Let’s take a brief break from research results and observational approaches to consider the broader context of how we do space science. In particular, what can we do to cut across barriers between different disciplines as well as widely differing venues? Working on a highly directed commercial product is a different process than doing academic research within the confines of a publicly supported research lab. And then there is the question of how to incorporate ever more vigorous citizen science.

SpaceML is an online toolbox that tackles these issues with a specific intention of improving the artificial intelligence that drives modern projects, with the aim of boosting interdisciplinary work. The project’s website speaks of “building the Machine Learning (ML) infrastructure needed to streamline and super-charge the intelligent applications, automation and robotics needed to explore deep space and better manage our planetary spaceship.”
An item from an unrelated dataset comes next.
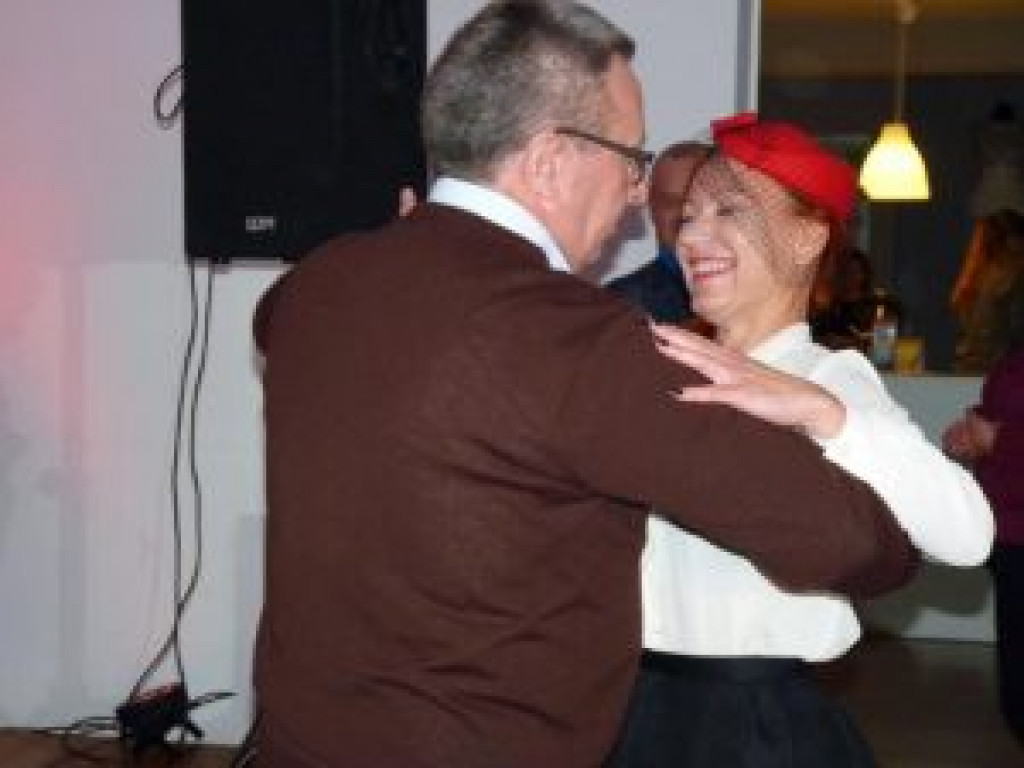 Międzypokoleniowa potańcówka na Przedmieściu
I’m interested in the model developing here, which makes useful connections. Both ESA and NASA have taken an active interest in enhancing interdisciplinary research via accessible data and new AI technologies, as a recent presentation on SpaceML notes:

NASA Science Mission Directorate has declared [1] a commitment to open science, with an emphasis on continual monitoring and updating of deployed systems, improved engagement of the scientific community with citizen scientists, and data access to the wider research community for robust validation of published research results.

Within this context, SpaceML is being developed in the US by the Frontier Development Lab and hosted by the SETI Institute in California, while the UK presence is via FDL at Oxford University and works in partnership with the European Space Agency. This is a public-private collaboration that melds data storage, code-sharing and data analysis in the cloud. The site includes analysis-ready datasets, space science projects and tools.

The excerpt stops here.